What the exercise asks: From the line with "Ukrainian President Volodymyr" to the final line of the data below, please write out every line exactly, with no pictures.

Dataset excerpt:
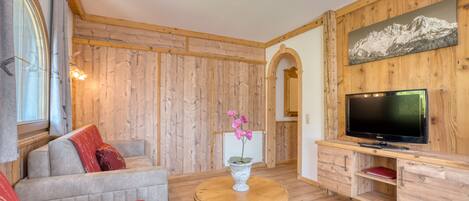Un salon chaleureux avec un mur en bois, un canapé, un téléviseur et une petite table sur laquelle est posé un vase de fleurs.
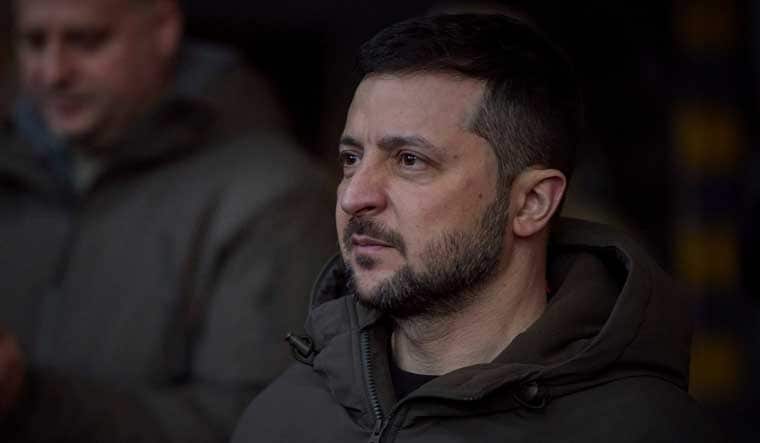 Ukrainian President Volodymyr Zelenskyy, looks on as he meets soldiers at the site of the heaviest battles with the Russian invaders in Bakhmut, Ukraine on Tuesday | AP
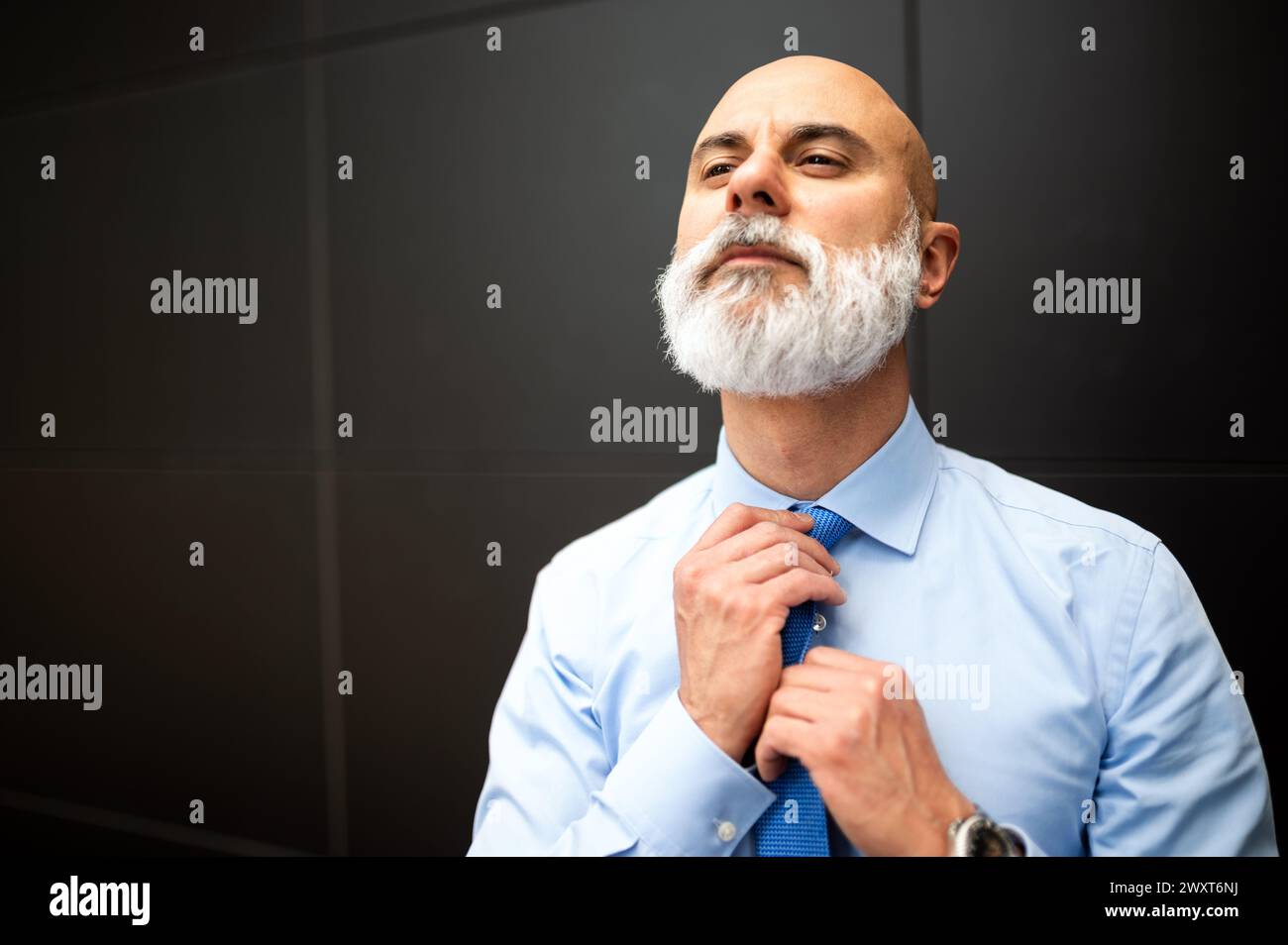 Mature bald stylish business man portrait with a white beard outdoor adjusting his necktie Stock Photo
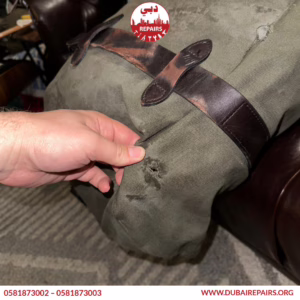 Duffel bag with damaged zipper being repaired in Dubai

Response to this task:
 Ukrainian President Volodymyr Zelenskyy, looks on as he meets soldiers at the site of the heaviest battles with the Russian invaders in Bakhmut, Ukraine on Tuesday | AP
 Mature bald stylish business man portrait with a white beard outdoor adjusting his necktie Stock Photo
 Duffel bag with damaged zipper being repaired in Dubai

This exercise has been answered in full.